Tak lama, Malia datang dengan langkah riang, membawa sekotak makanan di tangannya. Ia menarik Langit ke meja. "Sarapan dulu. Aku bawain sandwich."
Langit mengikutinya dengan pasrah, tahu tak ada gunanya menolak.
"Kamu enggak perlu repot-repot bikinin aku sarapan tiap hari. Aku kan, bisa beli," ucap Langit, merasa sedikit canggung dengan perhatian Malia yang terasa berlebihan baginya.
Malia menggeleng. "Bikinnya kan, sekalian buat aku juga," sahutnya dengan mulut penuh.

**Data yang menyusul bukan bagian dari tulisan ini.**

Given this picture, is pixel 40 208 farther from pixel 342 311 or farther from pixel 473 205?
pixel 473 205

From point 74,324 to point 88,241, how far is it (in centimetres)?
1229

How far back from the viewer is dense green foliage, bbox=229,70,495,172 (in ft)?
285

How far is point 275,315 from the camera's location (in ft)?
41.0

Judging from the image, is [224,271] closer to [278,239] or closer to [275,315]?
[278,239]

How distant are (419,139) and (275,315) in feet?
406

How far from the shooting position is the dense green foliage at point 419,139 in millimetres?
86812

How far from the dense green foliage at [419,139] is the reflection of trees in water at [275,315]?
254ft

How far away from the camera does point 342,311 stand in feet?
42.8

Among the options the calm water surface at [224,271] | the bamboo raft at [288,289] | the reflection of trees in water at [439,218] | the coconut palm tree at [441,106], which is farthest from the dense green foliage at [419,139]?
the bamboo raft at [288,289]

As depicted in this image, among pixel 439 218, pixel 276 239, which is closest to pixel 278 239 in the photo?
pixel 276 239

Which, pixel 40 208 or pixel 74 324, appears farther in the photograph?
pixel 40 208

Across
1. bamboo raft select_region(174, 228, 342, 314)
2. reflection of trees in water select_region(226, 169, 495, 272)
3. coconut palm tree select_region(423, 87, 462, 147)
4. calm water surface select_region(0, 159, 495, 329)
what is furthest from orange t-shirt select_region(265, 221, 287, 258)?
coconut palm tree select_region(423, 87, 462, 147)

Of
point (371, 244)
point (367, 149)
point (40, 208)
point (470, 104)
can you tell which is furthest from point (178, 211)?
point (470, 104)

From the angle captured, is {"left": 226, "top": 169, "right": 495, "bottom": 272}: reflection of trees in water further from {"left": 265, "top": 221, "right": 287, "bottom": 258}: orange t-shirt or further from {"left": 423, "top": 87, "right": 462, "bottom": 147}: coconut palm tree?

Langit mengangkat kedua alisnya. "Kamu lapar?" Tanyanya, melihat Malia yang begitu lahap menyantap sandwich-nya.
Malia mengangguk. "Aku belum makan dari semalam."
"Kenapa?"
"Aku kan, memang jarang makan malam, makanya kalau pagi suka kelaparan."

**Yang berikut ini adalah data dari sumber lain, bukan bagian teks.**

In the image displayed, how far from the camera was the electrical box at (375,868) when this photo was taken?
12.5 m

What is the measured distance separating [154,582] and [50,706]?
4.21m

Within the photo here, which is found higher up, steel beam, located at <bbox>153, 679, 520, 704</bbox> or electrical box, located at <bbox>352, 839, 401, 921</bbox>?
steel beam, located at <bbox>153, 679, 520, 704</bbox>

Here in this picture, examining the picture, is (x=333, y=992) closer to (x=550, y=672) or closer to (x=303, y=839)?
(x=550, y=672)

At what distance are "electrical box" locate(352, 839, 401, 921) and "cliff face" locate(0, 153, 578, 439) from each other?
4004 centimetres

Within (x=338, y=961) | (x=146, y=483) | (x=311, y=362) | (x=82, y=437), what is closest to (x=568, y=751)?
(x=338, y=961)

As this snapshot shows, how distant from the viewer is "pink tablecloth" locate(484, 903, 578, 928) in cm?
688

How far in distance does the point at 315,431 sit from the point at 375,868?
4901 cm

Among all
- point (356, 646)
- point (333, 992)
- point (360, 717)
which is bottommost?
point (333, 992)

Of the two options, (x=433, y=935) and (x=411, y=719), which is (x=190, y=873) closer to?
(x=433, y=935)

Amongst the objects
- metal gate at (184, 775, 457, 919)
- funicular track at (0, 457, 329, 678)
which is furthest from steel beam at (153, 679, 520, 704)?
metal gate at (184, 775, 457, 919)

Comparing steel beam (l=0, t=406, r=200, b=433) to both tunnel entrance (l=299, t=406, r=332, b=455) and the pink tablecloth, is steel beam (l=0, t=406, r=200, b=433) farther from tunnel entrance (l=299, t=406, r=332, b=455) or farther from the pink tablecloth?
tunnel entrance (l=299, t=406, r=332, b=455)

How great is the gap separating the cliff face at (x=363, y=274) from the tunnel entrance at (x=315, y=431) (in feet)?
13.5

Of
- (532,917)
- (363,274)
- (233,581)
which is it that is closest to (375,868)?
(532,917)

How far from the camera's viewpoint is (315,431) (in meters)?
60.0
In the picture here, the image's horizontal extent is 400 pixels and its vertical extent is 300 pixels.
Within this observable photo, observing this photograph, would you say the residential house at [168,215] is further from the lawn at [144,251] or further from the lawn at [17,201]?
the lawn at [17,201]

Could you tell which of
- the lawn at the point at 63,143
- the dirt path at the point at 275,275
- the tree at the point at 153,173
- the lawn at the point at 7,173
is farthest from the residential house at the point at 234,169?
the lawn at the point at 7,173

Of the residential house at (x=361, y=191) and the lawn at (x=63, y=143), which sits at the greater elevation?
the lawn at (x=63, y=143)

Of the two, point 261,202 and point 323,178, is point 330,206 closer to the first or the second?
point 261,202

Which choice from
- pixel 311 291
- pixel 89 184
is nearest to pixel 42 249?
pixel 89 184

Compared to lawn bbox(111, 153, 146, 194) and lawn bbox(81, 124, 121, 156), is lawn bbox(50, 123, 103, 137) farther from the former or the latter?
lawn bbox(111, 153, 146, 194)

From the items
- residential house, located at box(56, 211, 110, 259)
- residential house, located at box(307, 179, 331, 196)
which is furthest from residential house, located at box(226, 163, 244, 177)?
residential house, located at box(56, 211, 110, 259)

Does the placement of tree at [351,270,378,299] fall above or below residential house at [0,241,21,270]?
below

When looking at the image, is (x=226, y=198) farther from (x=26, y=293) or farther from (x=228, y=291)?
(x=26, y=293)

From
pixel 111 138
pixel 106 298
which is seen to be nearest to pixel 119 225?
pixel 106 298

"Kamu sekarang udah kerja, makannya harus lebih banyak. Gak boleh makan malam di-skip," ucap Langit, nada suaranya menunjukkan kekhawatiran.
Malia tersenyum, matanya berbinar. "Aku suka deh, kalau kamu lagi perhatian gitu. Kayak pacar beneran."
Ucapan Malia membuat Langit mendadak salah tingkah. Wajahnya bersemu merah. "O ya, aku bikinin kamu Latte, ya?" Ia beranjak dari duduknya tanpa menunggu jawaban.
Malia mengulum senyum melihat reaksi Langit. "Nanti kita makan siang di luar, ya?" Serunya.
Langit berhenti sejenak, lalu mengangguk lemah. Tentu saja, sekarang ia harus menuruti apa pun keinginannya. Ia kan, 'teman bayaran.' Apalagi Malia sudah memberikannya mobil. Ia sadar, tak ada pemberian gratis.
....
Hari sudah di penghujung sore saat pengunjung terakhir meninggalkan kafe. Langit mengembuskan nafas lega. Ia menjatuhkan tubuhnya di kursi, meluruskan kedua kakinya yang menjerit pegal. Kafe sangat ramai sejak siang, membuat ia tak sempat beristirahat.
Langit memandang ke luar jendela kaca. Hari mulai gelap. Sebentar lagi ia akan pulang. Tak sabar rasanya untuk tenggelam dalam kasur empuknya.
Tapi pintu tiba-tiba terbuka. Malia masuk dengan wajah kusut.
Harapan Langit pupus seketika.
"Pulang, yuk?" Malia menjatuhkan tubuhnya di samping Langit, menyandar lelah di lengannya.
“Kamu nggak bareng Papa?” Pertanyaan yang terasa sia-sia.
Malia menggeleng manja. "Udah pulang duluan. Aku nggak ada yang nganter. Enggak ada supir."
Langit menghela napas, lelah. Ia tahu itu hanya akal-akalan Malia.
“Oke. Sepuluh menit lagi, ya.” Ia bergegas mengepel lantai dengan cepat. Semakin cepat mengantarkan Malia, semakin cepat ia bisa pulang.
Tapi ternyata macet sore itu menggila. Langit memandangi mobil-mobil yang tak bergerak di depannya dengan putus asa. Kedua kakinya terasa semakin berat. Tubuhnya lelah bukan main. Langit mengembuskan nafas kesal. Namun, saat melihat Malia tertidur lelap di sampingnya, hatinya seketika meleleh. Tangannya reflek mengusap rambut gadis itu. Dia juga pasti capek banget... Gumamnya dalam hati.
Dua jam kemudian, mereka akhirnya tiba. Gerbang rumah terbuka perlahan. Seorang satpam tergopoh-gopoh menghampiri mobil dan mengetuk kaca jendela. “Mas Langit, mohon mobilnya dibawa masuk. Bapak dan Ibu sudah menunggu untuk makan malam.”
Langit menutup mata sesaat, mengusir rasa pasrah yang naik ke tenggorokan. Tentu saja, Malia selalu punya rencana.
Di sampingnya, Malia memalingkan wajah, menyembunyikan senyum puasnya. Ia tahu Langit kesal. Tapi ia tak bisa membiarkan Langit pulang dalam keadaan lapar dan lelah.